Why Data Sampling Causes Discrepancies
Once Google determines that it needs to sample data, it will pull a sample dataset from your site’s base data. Each time a report is requested Google pulls a sample data set, which can differ slightly each time it’s pulled. Google always tries to make it a representative sample, pulling consistent, normal data about visits, bounce rate, time on site, etc., to reduce the impact that sampling has on accuracy and create as little error in the data as possible.
Sometimes, however, the system can’t pull a consistent sample. This could be due to high variation in a particular metric during the date range in question. Or it could be due to an overall low volume of whatever metric is in question in proportion to visits. For example, if your site has an extremely low transaction count compared to total visits, Google can’t confidently provide a sampling. In this example, some of the sampled data may be accurate, such as engagement metrics or visit counts, but revenue can be drastically different.
How to Get Accurate Data
To avoid data sampling, you can try one of three things in Google Analytics: 1. Use a different report; 2. Shorten the date range; or 3. Control the sampling level.
Using a Different Report
Oftentimes, analysts will start at the top, viewing the All Traffic - Channels report. This is a great report for comparisons between the major pre-defined channels. However, once you begin to drill down to campaign level metrics, it becomes less and less useful. This is when sampling kicks in because the report is requesting and filtering a massive amount of data.
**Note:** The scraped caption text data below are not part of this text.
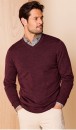 Reserve-Australian-Merino-V-Neck-Knit-Burgundy Sale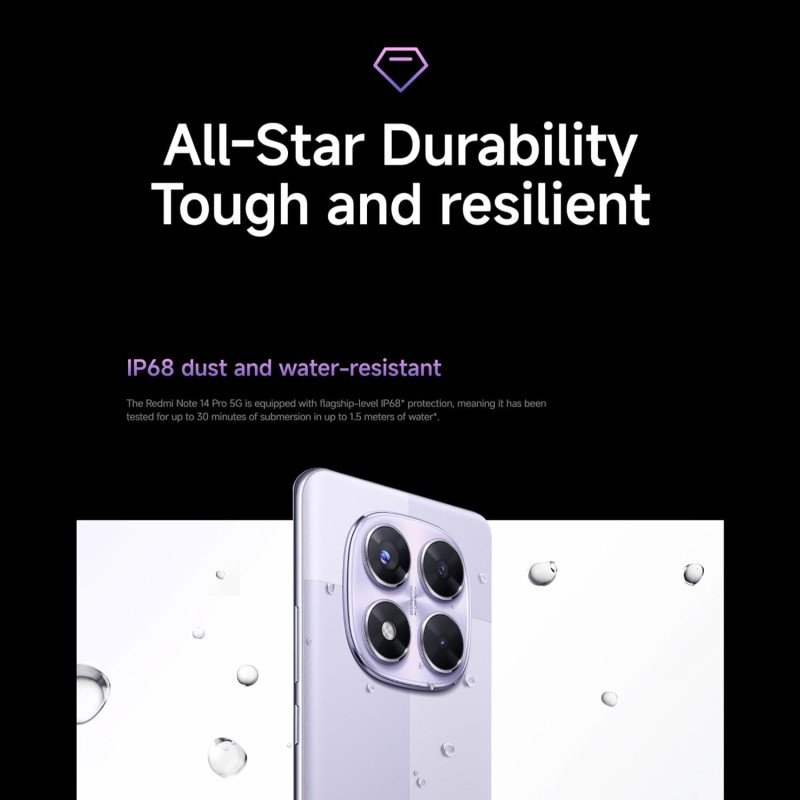 XIAOMI Smartphone Redmi Note 14 Pro 5G, 8+256GB, fotocamera AI da 200MP, IP68, ricarica turbo da 45W con batteria da 5110mAh, funzionalità AI (caricabatterie non incluso), Nero - 8+256GB black XIAOMI Smartphone Redmi Note 14 Pro 5G, 8+256GB, fotocamera AI da 200MP, IP68, ricarica turbo da 45W con batteria da 5110mAh, funzionalità AI (caricabatterie non incluso), Nero - 8+256GB black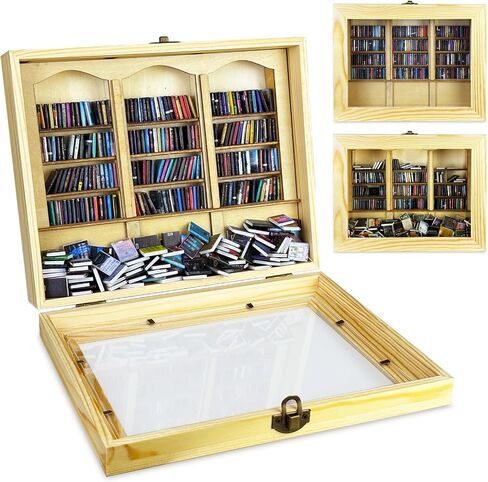 القلق كتب الكتب 300PCS كتب مصغرة مصغرة الكتب زخرفة مصغرة ديكور الكتب ديكور رفك مكتبة الكتب المصغرة لمحبي الكتب ديكور مكتب غرفة المنزل (اللون الطبيعي) in Kuwait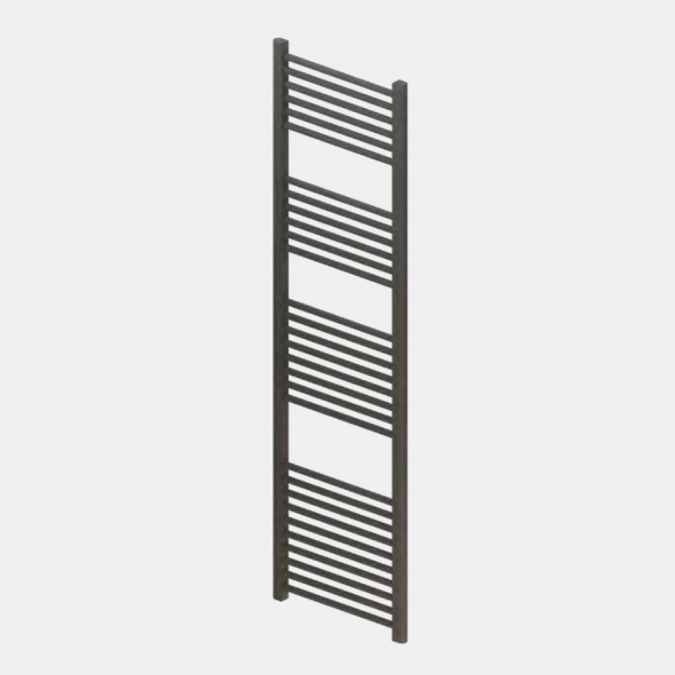 Eastbrook Wingrave 1800 x 400 Matt Anthracite Towel Radiator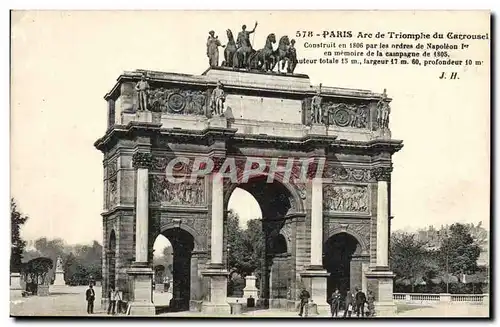 Cartes postales Paris Arc De Triomphe Du Carrousel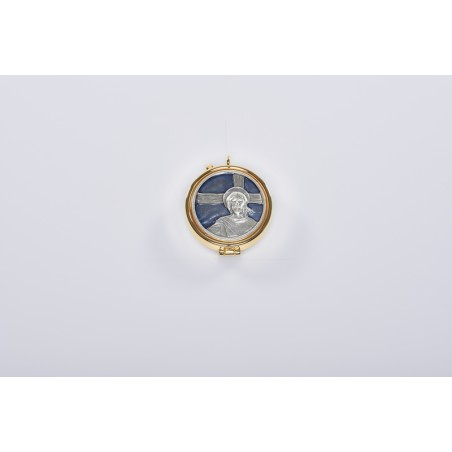 Teca placca smalto Ecce Homo Ø cm. 5,4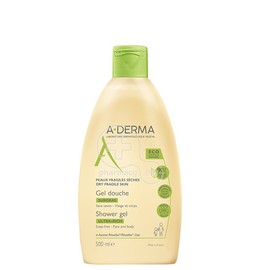 ADerma A-Derma Gel Douche Surgras Cleansing Foam for Nourishing Dry Skin, 500 ml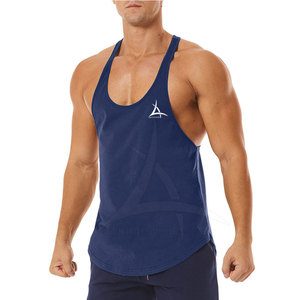 Séchage rapide respirant décontracté 100% coton Gym débardeur sans manches vêtements d'entraînement pour hommes en gros bas prix - Product Image 3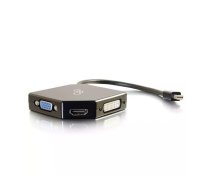 C2G 80929 video kabeļu aksesuārs Mini DisplayPort VGA + HDMI + DVI Melns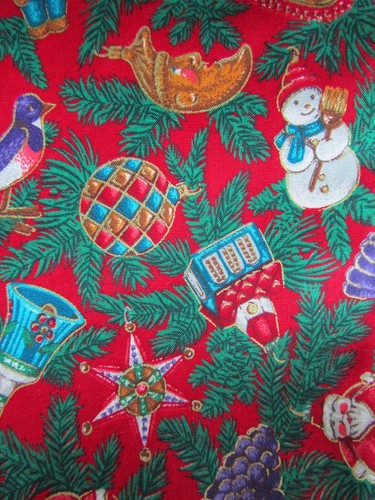 A VIP Print by Joan Messmore Cranston Print Works Co Vintage Christmas Fabric - Picture 3 of 6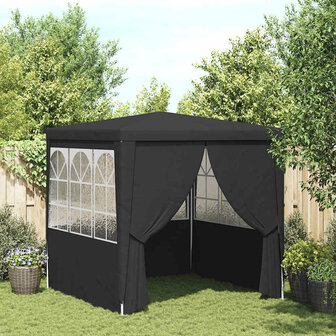 Partytent met wanden professioneel 90 g/m&sup2; 2,5x2,5 m antraciet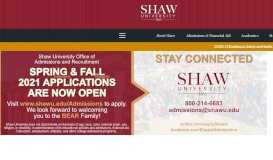 
							         Shaw University								  
							    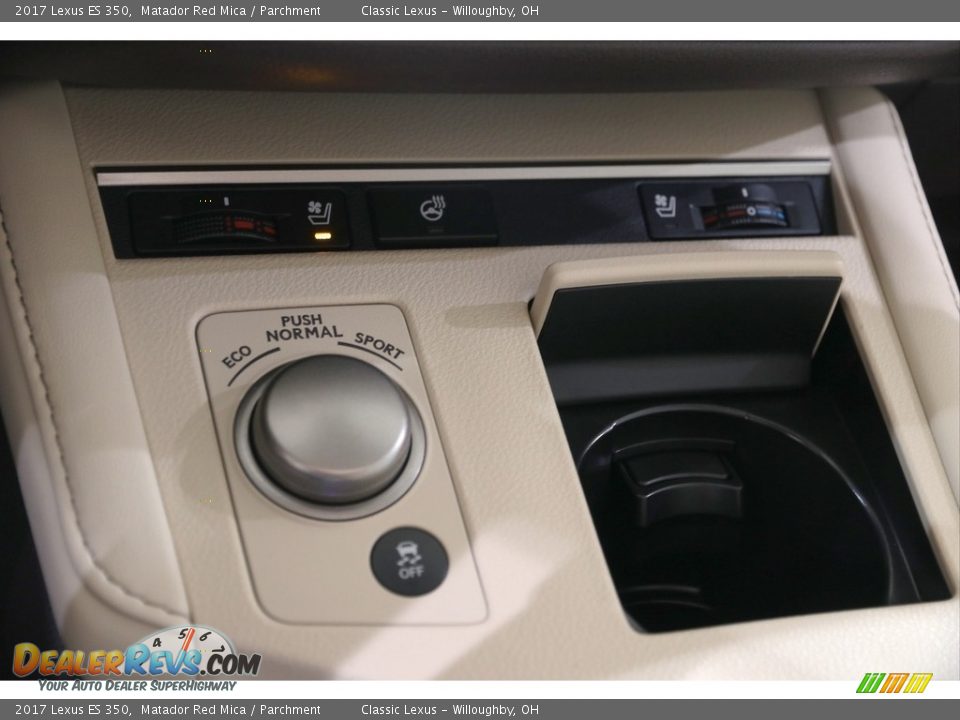 2017 Lexus ES 350 Matador Red Mica / Parchment Photo #21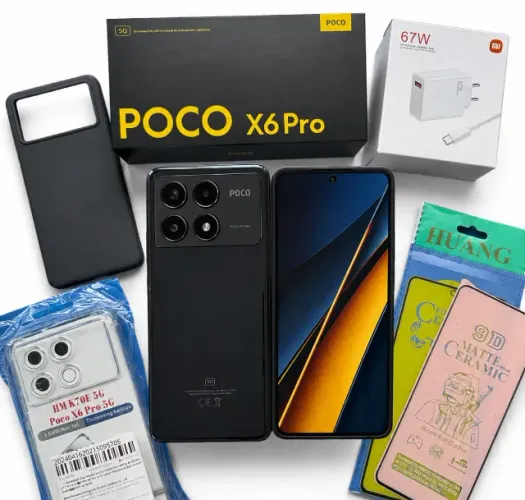 Poco X6 Pro 12GB / 512GB Preto - Carregador 67W Novo - Caixa - Películas - Capas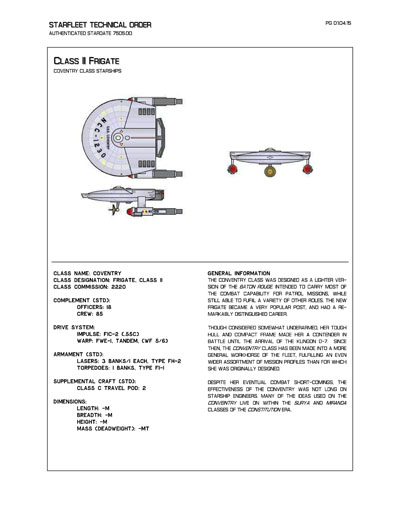 Starfleet Starship Recognition Manual - Ships of the Baton Rouge Era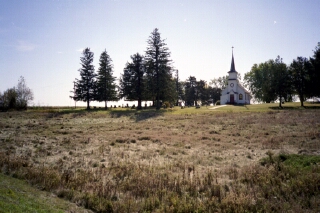 Church between Maiden Rock and Bayport
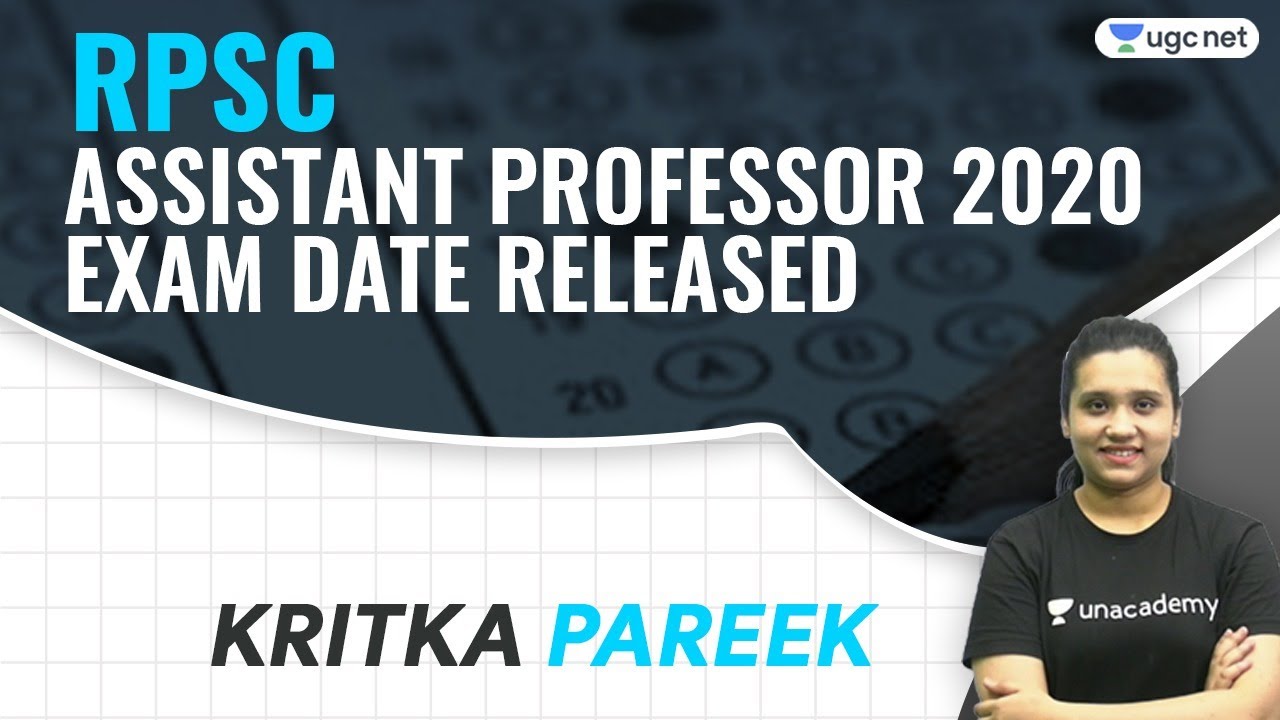 RPSC Assistant Professor 2020 Exam Date Announced | by Kritika Pareek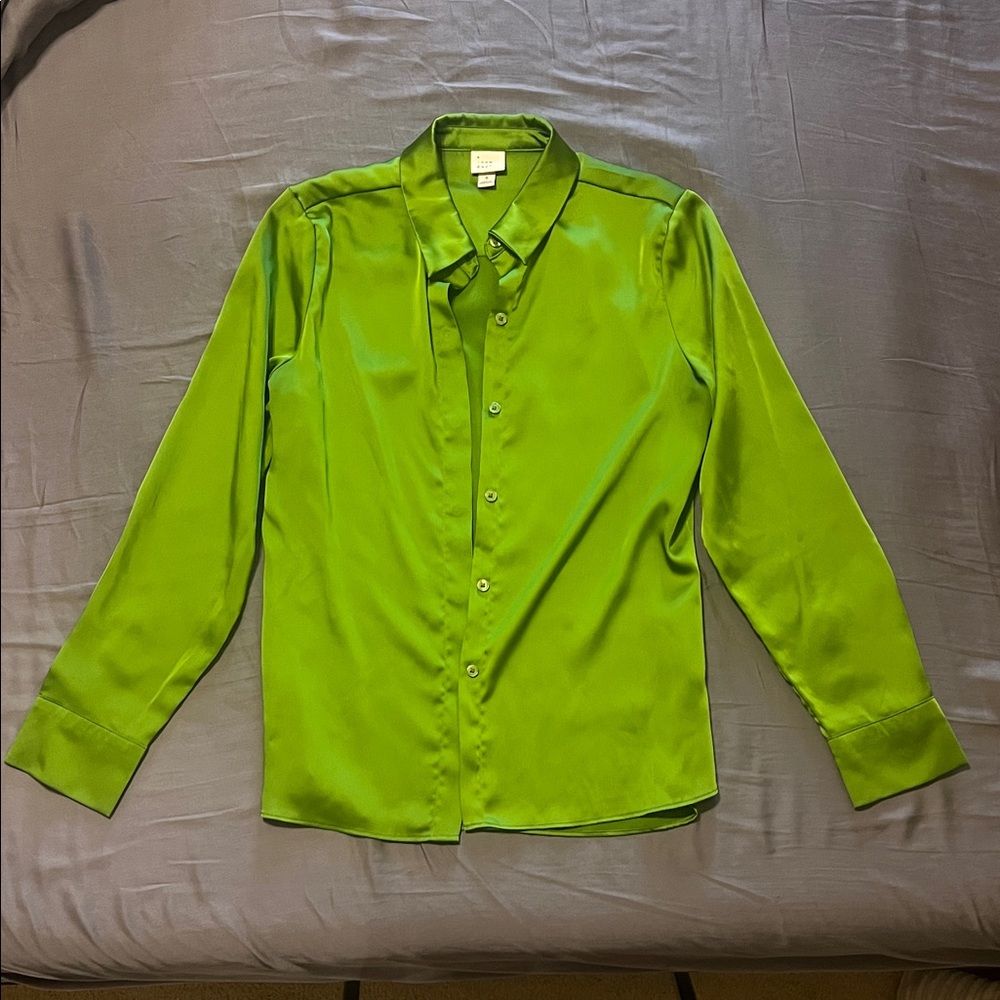 A New Day Green Button Down Shirt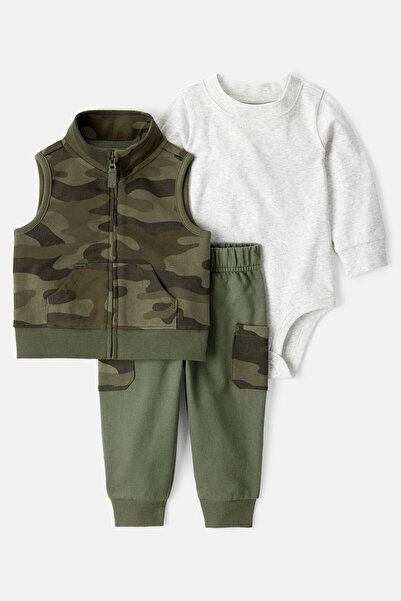 Carter's Erkek Bebek Yeşil Yelekli Set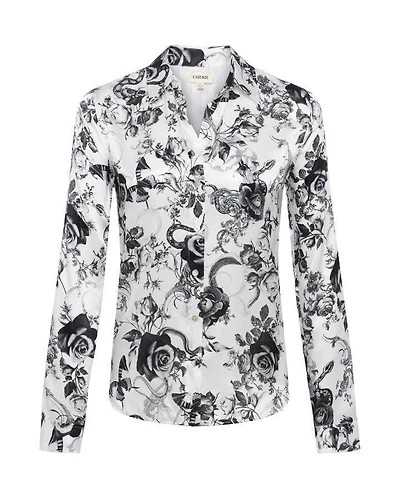 L'Agence Tyler Baroque Floral Blouse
Instead of starting with All Traffic, get a little closer to the end goal by view Source / Medium reports. Then use campaign as the primary metric or add it as a secondary metric. Sampling should not be turned on when you view reports in this way.
Sampling is also very common when requesting ad-hoc changes to a standardized report. Building a custom reports can solve this problem by isolating standard sets of data, which can be viewed on a consistent basis.
Shortening the Date Range
This solution doesn’t need a whole lot of explanation. If you’re viewing a full year’s worth of data, simply change the date range to a shorter time period.
Controlling the Sampling Level
You do have the option of increasing or decreasing the “level” of sampling that occurs. When you see the notification alerting you that sampling is engaged, click on the grid in the top left. This will open a dialogue option to increase or decrease the sample size. Use the slider to move towards faster processing (smaller sample size) or higher precision (larger sample size). The default sample size is 250,000 visits.
When you’re using Google Analytics data to make important business decisions, it’s important that that data is as accurate as possible. Ensure that your reports are using all data, not just a sample, to make certain that your decisions are backed by detailed and definitive numbers.